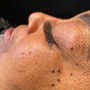 Acne Back Facial (bootcamp)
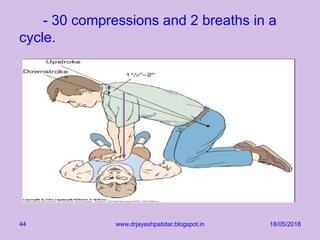 - 30 compressions and 2 breaths in a
cycle.
18/05/2018www.drjayeshpatidar.blogspot.in44
 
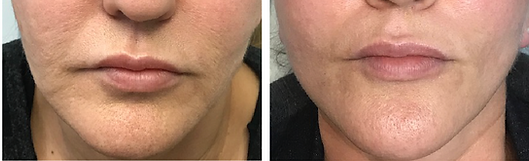 MicroNeedling_Face.png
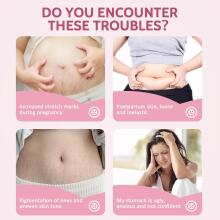 Yurhersu Pregnancy Cream Art.9799  Anti-stretch marks cream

-=-=-=-=-

→ What you need to do: Please return all of the material above exactly, minus any pictures.

→ Response to the task:
 Acne Back Facial (bootcamp)
 - 30 compressions and 2 breaths in a
cycle.
18/05/2018www.drjayeshpatidar.blogspot.in44
 
 MicroNeedling_Face.png
 Yurhersu Pregnancy Cream Art.9799  Anti-stretch marks cream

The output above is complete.